しかし残念ながら、「ドラフト・デイ」は、興行的にはほぼ惨敗だった。作品としてのできは決して悪くない「ドラフト・デイ」が興行的には失敗したのは、なんといっても、素人目にはよくわからないそのドラフト・システムにあると思われる。特にファンでもない限り、一般人はスポーツのドラフトまでは見ない。ゲームじゃないから当然だ。一方で、筋金入りのファンはドラフトも見る。それが少なくない数なのは、ドラフトがイヴェントとして数日間にわたって行われ、その一部始終がTV中継され、そして視聴率が驚くくらい高いことが証明している。スポーツ専門局のESPNが一日中ドラフトを中継し、それを多くの者が見ているのだ。

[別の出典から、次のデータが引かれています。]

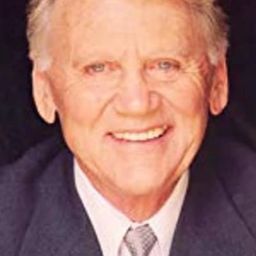 Jon Cedar 飾演 Dr. Jack Hughes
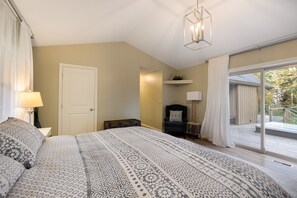 3 Schlafzimmer, Schreibtisch, Bügeleisen/Bügelbrett, Reisekinderbett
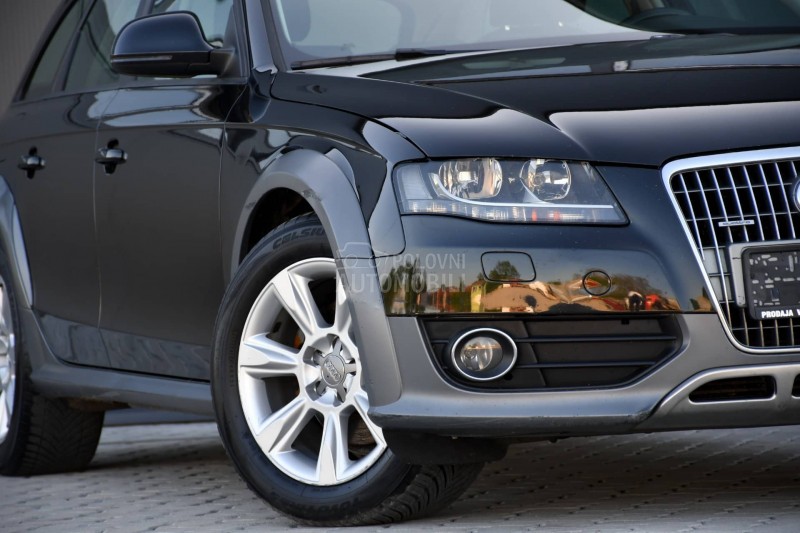 Audi A4 Allroad 2.0TDI/4X4/0DLIČAN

しかし、それでもその枠を超えると、それ以外の者にとっては、TVでドラフトを見ようとはまず思わないだろう。ドラフトを見る者と見ない者との間には確実に一線が引かれており、たぶんその境界が跨がれることはない。興味のない者にとっては、それは興味のないものでしかないのだ。

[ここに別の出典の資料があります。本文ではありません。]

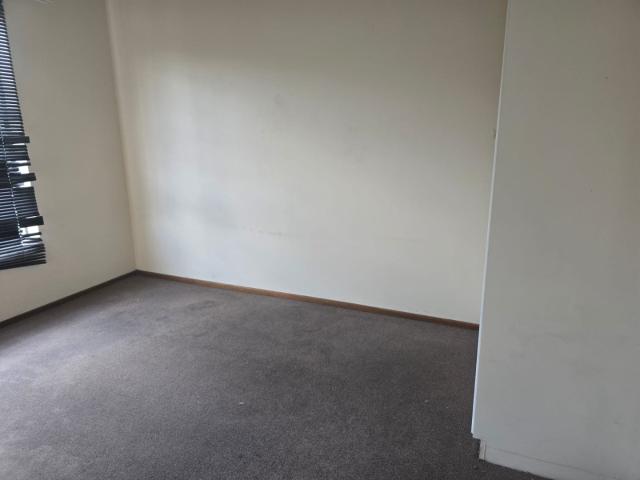 2 Bedroom Apartment / Flat To Rent in Willowbrook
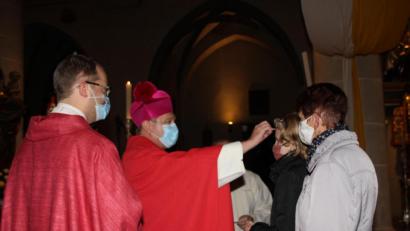 Bild: ads
Weihbischof Roland Batz (Mitte) aus dem Regensburger Domkapitel spendete im Beisein von Stadtpfarrer Thomas Helm (links) den jungen Menschen das Sakrament der Firmung.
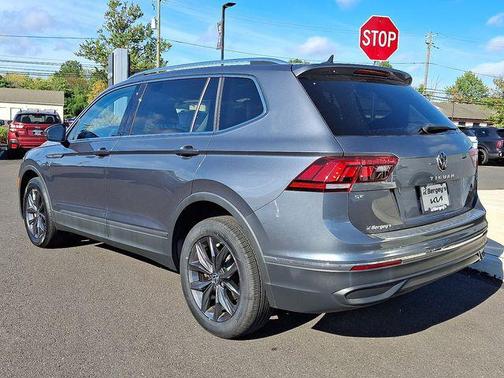 2022 Volkswagen Tiguan 2.0T SE 4MOTION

そういう私のような者にとって、ドラフトのルールは図り難いとしか言いようがない。あれって、くじか順番かでドラフト権が決められ、順に意中の者を指名していくというものじゃないのか。それぞれ指名する者の腹案があり、その者が他のチームに先に指名されたら、こちらは次の優先順位の者を指名する、という風に進んでいくものだとばかり思っていた。


そしたら、サニーはドラフトの直前まで他のチームのマネージャーと連絡を取り合って、そのドラフト権を交渉している。あんたに今年のドラフト権を譲るから、来年の何位指名枠を向こう何年間譲ってくれ、なんて話を持ちかけるわけだ。ドラフト権を交渉する、なんてことができるというのがまず初耳だった。考えたら、それぞれのチームにはそれぞれの事情があるから、今年はディフェンスを強化したいのに出物がなく、来年目をつけているやつが大学を卒業する。どうしてもそいつを抑えたいが、来年はうちは指名権は下の方になる、どうする、なんてこともあるだろうから、ドラフト権を交渉するなんてことがあってもおかしくはない。おかしくはないが、しかし今日の今日までそういうシステムが実際にあることなんてまったく知らなかった。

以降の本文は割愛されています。